- Born: 1948 (age 77–78) Los Angeles
- Education: Art Center College of Design, Otis Art Institute
- Known for: Murals

= Alice Patrick =

American painter and sculptor

Alice Patrick (born 1948) is an American muralist and sculptor. Her murals are recognized by the City of Los Angeles as the first painted within the city by an African-American woman.

== Biography ==
Patrick was born and raised in Los Angeles where she studied first at the Art Center College of Design and later at the Otis Art Institute. She is also a former elementary school art teacher.

== Work ==
Patrick was part of the Citywide Mural Project in Los Angeles.
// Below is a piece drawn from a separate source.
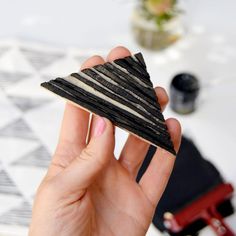 a woman holding up a small piece of black and white material on top of a table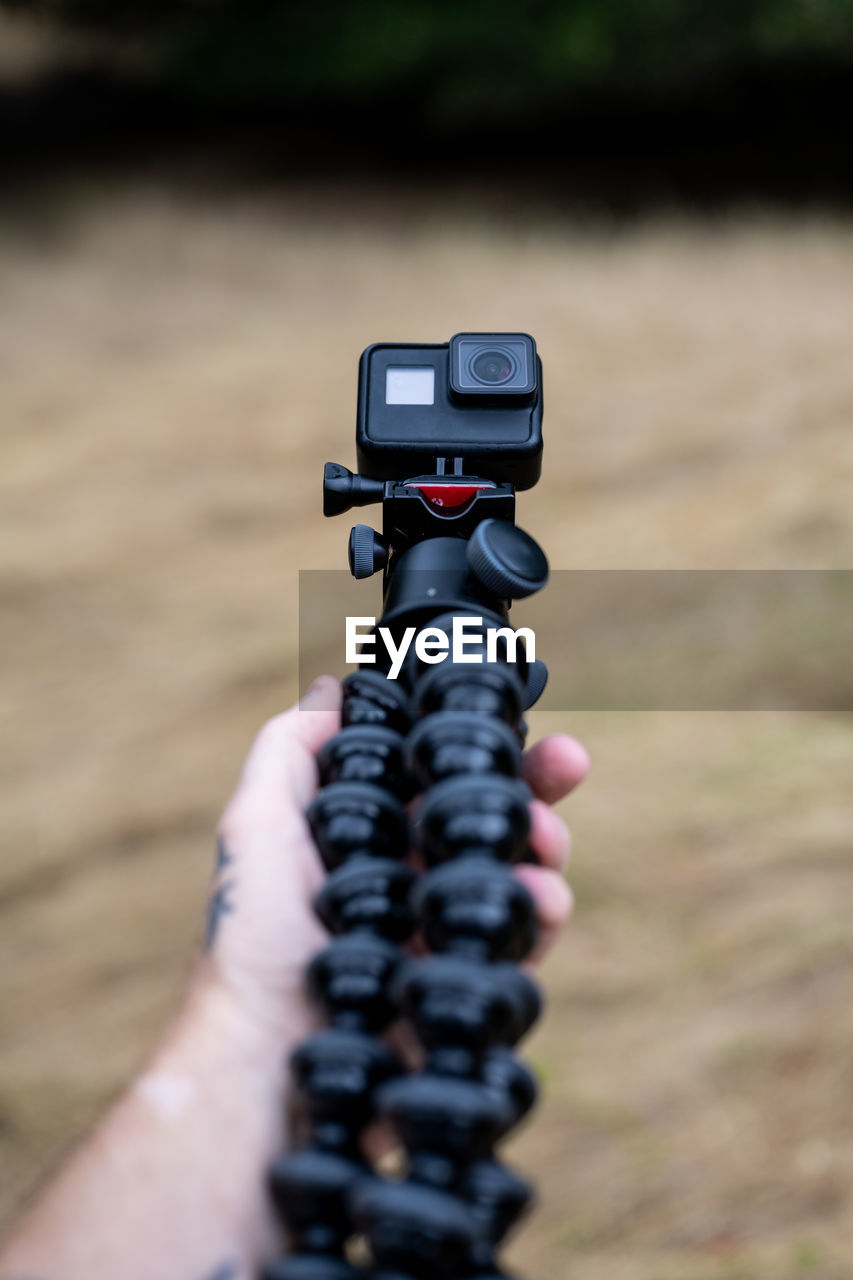 Hand holding tripod with action camera over brown grass in field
She painted in South Los Angeles, however, her mural of historic women in Black History, completed in the mid-1970s, was destroyed soon after its completion. One of her later murals, "Women Do Get Weary (but They Don't Give Up" (1991) was sponsored by the Social and Public Art Resource Center (SPARC). The mural shows images of Mary McCleod Bethune, Dorothy Height, Oprah Winfrey, Josephine Baker and others. Patrick painted herself into the mural as well. The mural is approximately nine feet by sixteen feet and is painted in acrylic on stucco. In 2013, the mural underwent restoration by SPARC in order to fix the peeling paint and faded colors.

In the 1990s Patrick was selling limited edition prints of activists involved in the civil rights movement. Cooper's Originals, a gallery in Los Angeles, helped promote her work, marketing her reproductions. Later, she opened her own gallery called Aliceland, which she ran for ten years.